▶ _Task details_
Transcribe the following records exactly, images excluded.

Top of Data for analysis

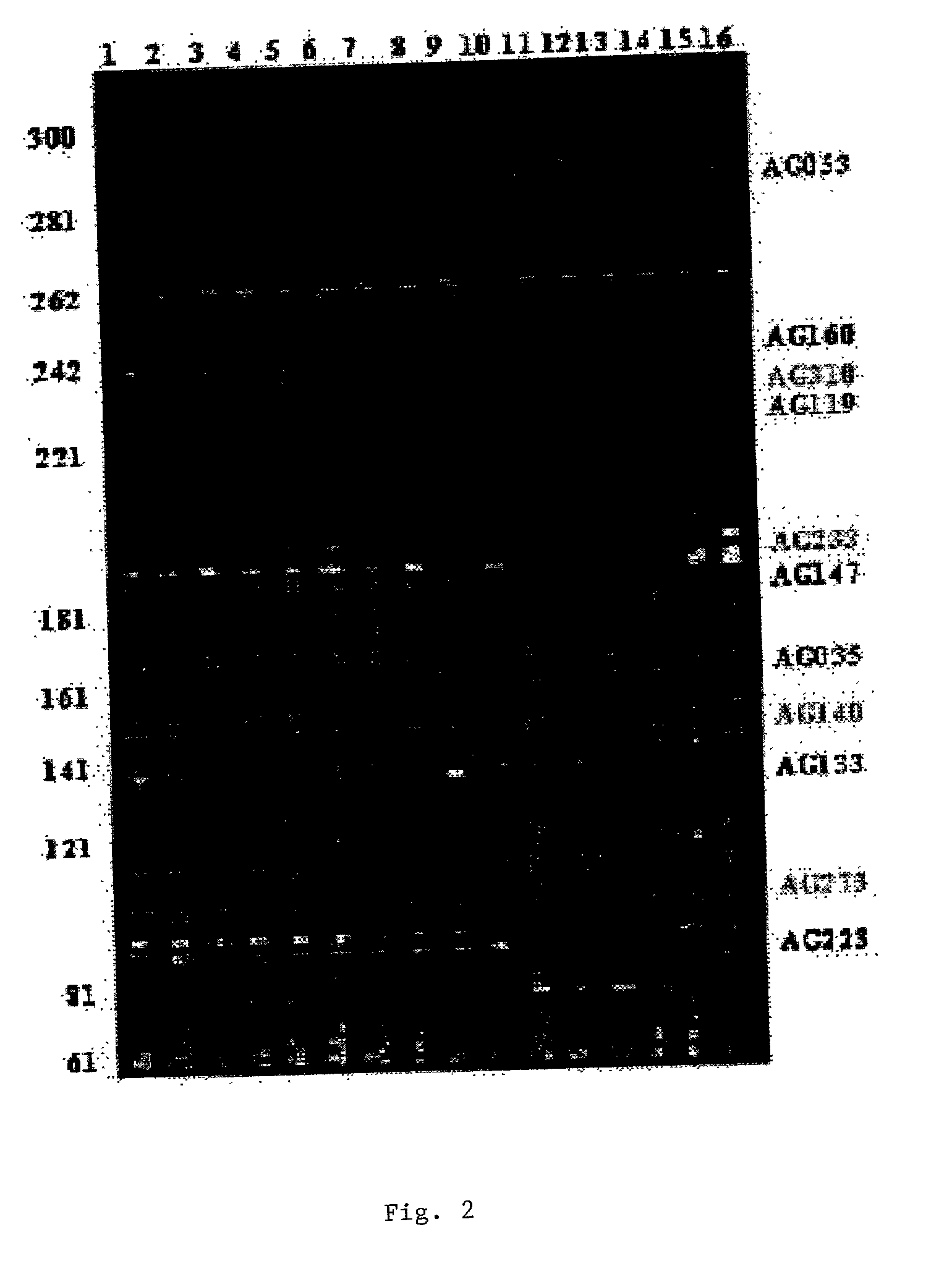 Method for cloning animals with targetted genetic alterations by transfer of long-term cultured male or female somatic cell nuclei, comprising artificially-induced genetic alterations, to enucleated recipient cells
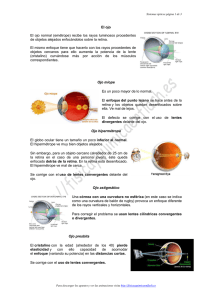 El ojo El ojo normal (emétrope) recibe los rayos luminosos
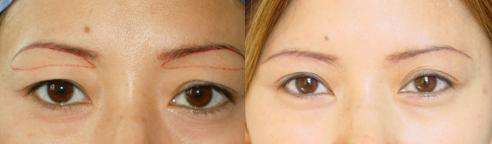 韓式<a href=http://m.f3bb6.cn/listinfo-655-0.html target=_blank class=infotextkey>切眉</a>術(shù)效果及注意事項？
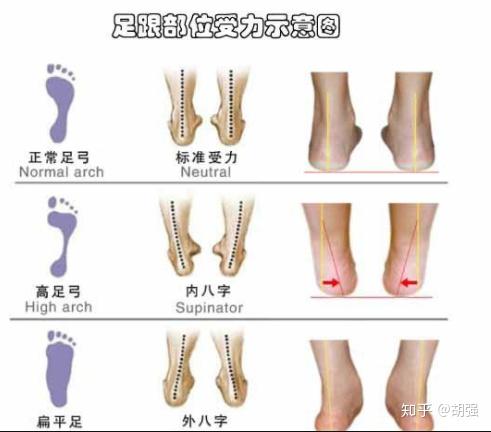 X型腿矫正训练 知乎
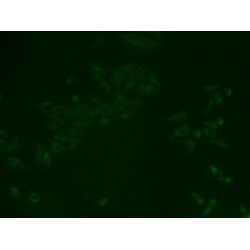 Tight Junction Protein ZO-2 (TJP2) Antibody
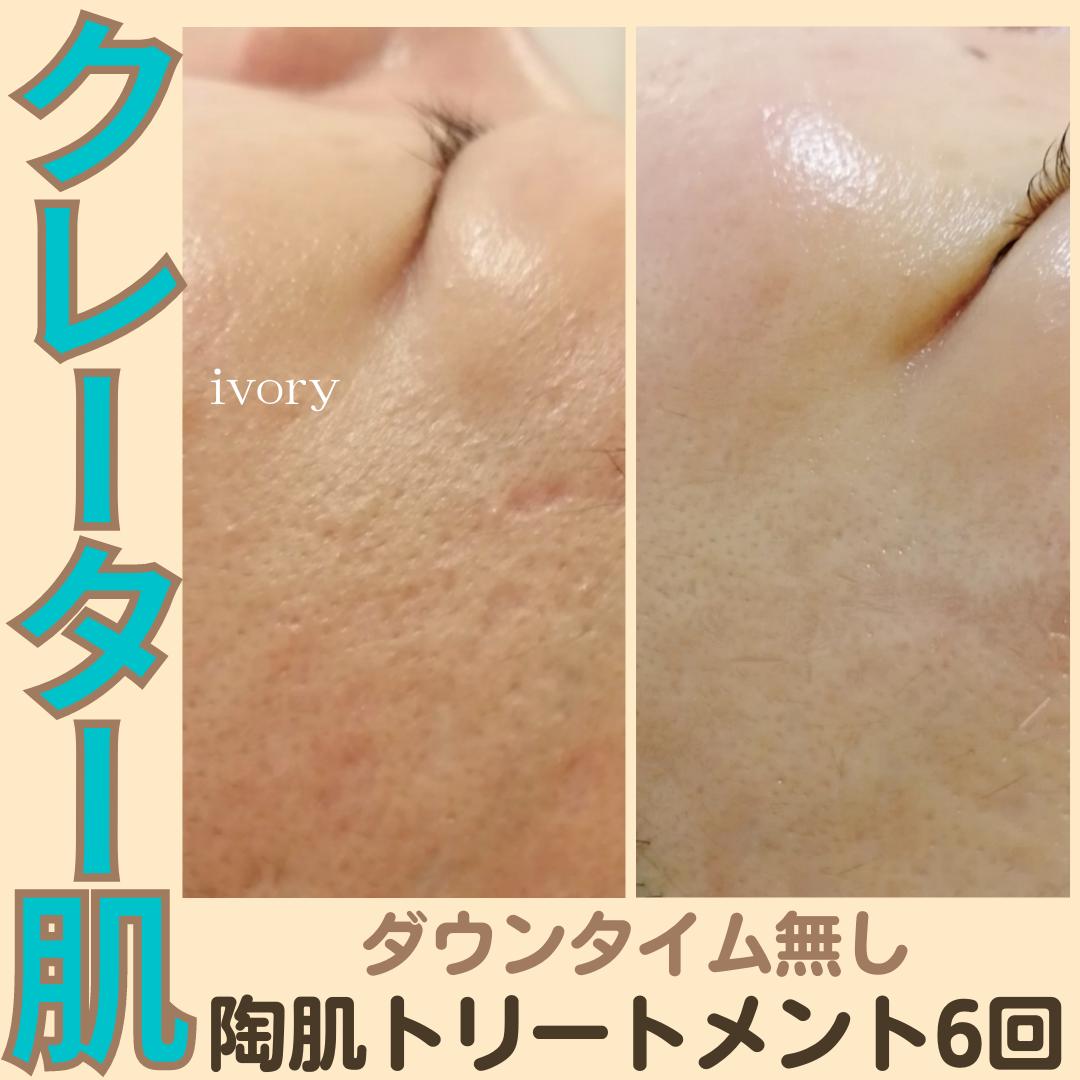 全身美肌改善REVIハーブピーリング&肉割れ炭酸ガス 全身美肌改善REVIハーブピーリング&肉割れ炭酸ガス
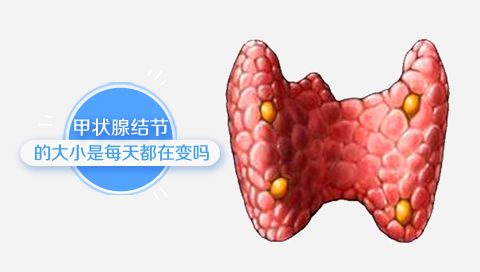 甲状腺结节的大小是每天都在变吗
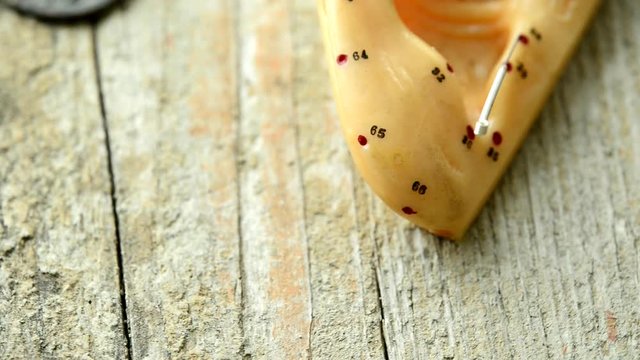 Acupuncture needles and ear acupuncture model on a turn table

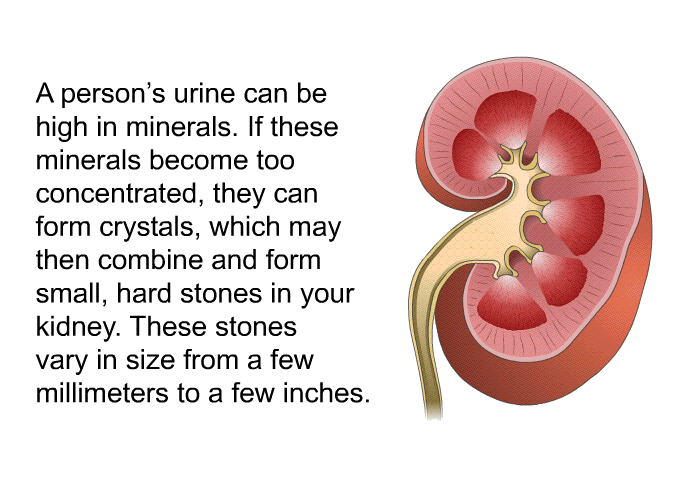 A person's urine can be high in minerals. If these minerals become too concentrated, they can form crystals, which may then combine and form small, hard stones in your kidney. These stones vary in size from a few millimeters to a few inches.
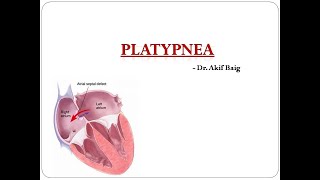 Platypnea Dr Akif Baig [upl. by Negiam]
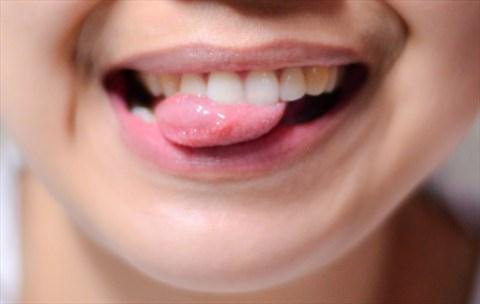 Lưỡi mịn màng có thể bạn đang thiếu B12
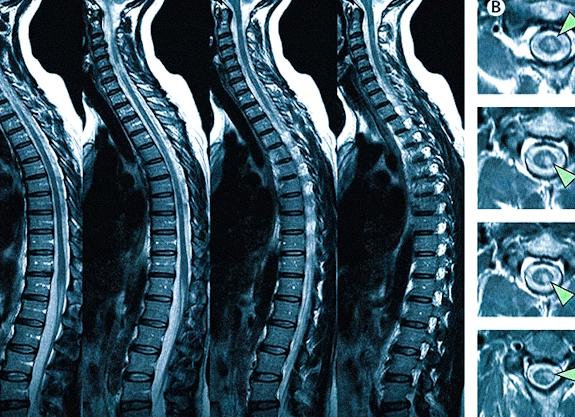 Мрт головного и спинного мозга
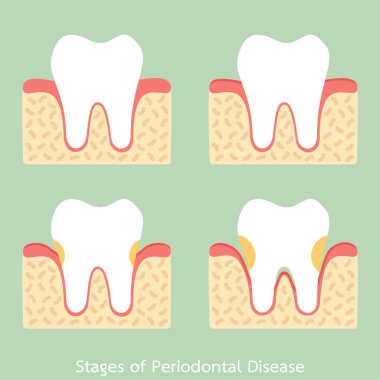 Adım periodontal hastalık / / periodontitis / dişeti iltihabı / dişeti hastalığı, diş sorunu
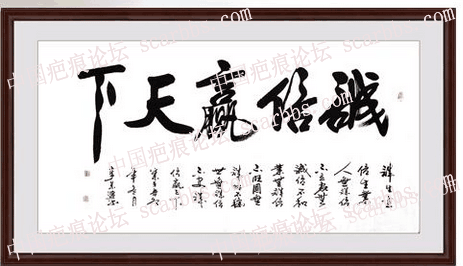 女儿烫伤在青岛大康烧烫伤医院治疗恢复得很好 青岛大康烧烫伤医院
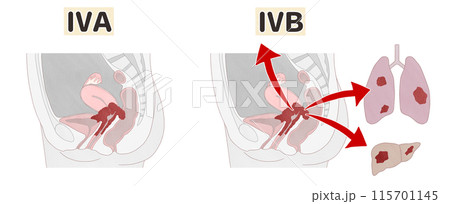 子宮頸がんステージ4（ⅣA・ⅣB）　わかりやすい図解イラスト 115701145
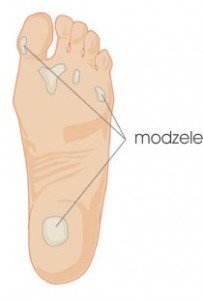 modzele usuwanie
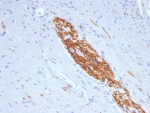 IHC staining of FFPE human colon tissue with CD56 antibody (clone NCAM/7523). HIER: boil tissue sections in pH 9 10mM Tris with 1mM EDTA for 20 min and allow to cool before testing.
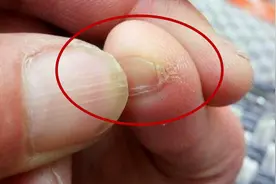 小脚趾甲裂成两瓣的人，到底是什么来历？是纯种汉族人？图片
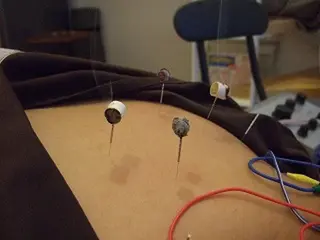 銀座そうぜん鍼灸院所属・不妊鍼灸専門 吉田ナミのエステ・リラクイメージ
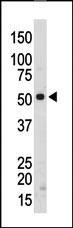 Rabbit Polyclonal Antibody to SRMS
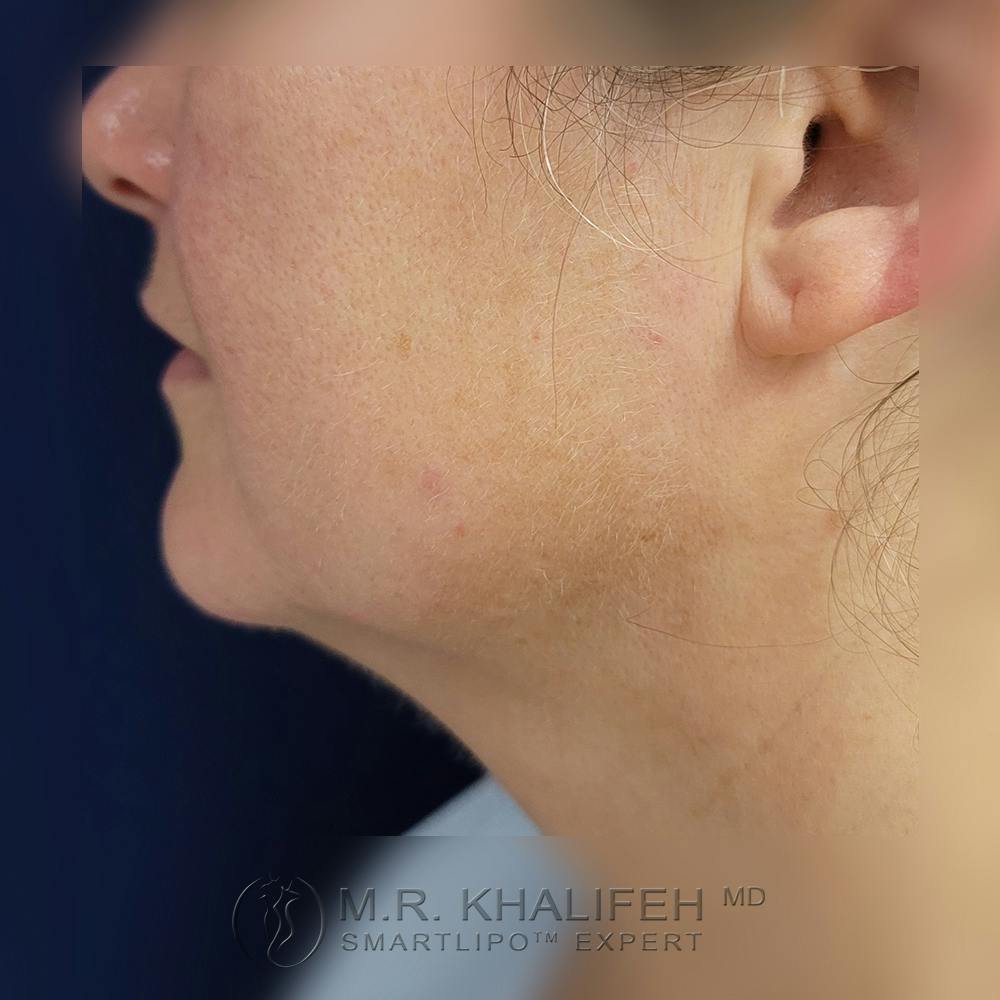 Buccal Fat Pad Excision Gallery - Patient 121765631 - Image 7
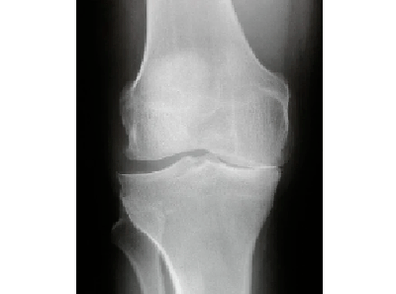 Diagnosis of osteoarthritis of the knee joint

Bottom of Data for analysis

▶ _Completed task_
 Method for cloning animals with targetted genetic alterations by transfer of long-term cultured male or female somatic cell nuclei, comprising artificially-induced genetic alterations, to enucleated recipient cells
 El ojo El ojo normal (emétrope) recibe los rayos luminosos
 韓式<a href=http://m.f3bb6.cn/listinfo-655-0.html target=_blank class=infotextkey>切眉</a>術(shù)效果及注意事項？
 X型腿矫正训练 知乎
 Tight Junction Protein ZO-2 (TJP2) Antibody
 全身美肌改善REVIハーブピーリング&肉割れ炭酸ガス 全身美肌改善REVIハーブピーリング&肉割れ炭酸ガス
 甲状腺结节的大小是每天都在变吗
 Acupuncture needles and ear acupuncture model on a turn table

 A person's urine can be high in minerals. If these minerals become too concentrated, they can form crystals, which may then combine and form small, hard stones in your kidney. These stones vary in size from a few millimeters to a few inches.
 Platypnea Dr Akif Baig [upl. by Negiam]
 Lưỡi mịn màng có thể bạn đang thiếu B12
 Мрт головного и спинного мозга
 Adım periodontal hastalık / / periodontitis / dişeti iltihabı / dişeti hastalığı, diş sorunu
 女儿烫伤在青岛大康烧烫伤医院治疗恢复得很好 青岛大康烧烫伤医院
 子宮頸がんステージ4（ⅣA・ⅣB）　わかりやすい図解イラスト 115701145
 modzele usuwanie
 IHC staining of FFPE human colon tissue with CD56 antibody (clone NCAM/7523). HIER: boil tissue sections in pH 9 10mM Tris with 1mM EDTA for 20 min and allow to cool before testing.
 小脚趾甲裂成两瓣的人，到底是什么来历？是纯种汉族人？图片
 銀座そうぜん鍼灸院所属・不妊鍼灸専門 吉田ナミのエステ・リラクイメージ
 Rabbit Polyclonal Antibody to SRMS
 Buccal Fat Pad Excision Gallery - Patient 121765631 - Image 7
 Diagnosis of osteoarthritis of the knee joint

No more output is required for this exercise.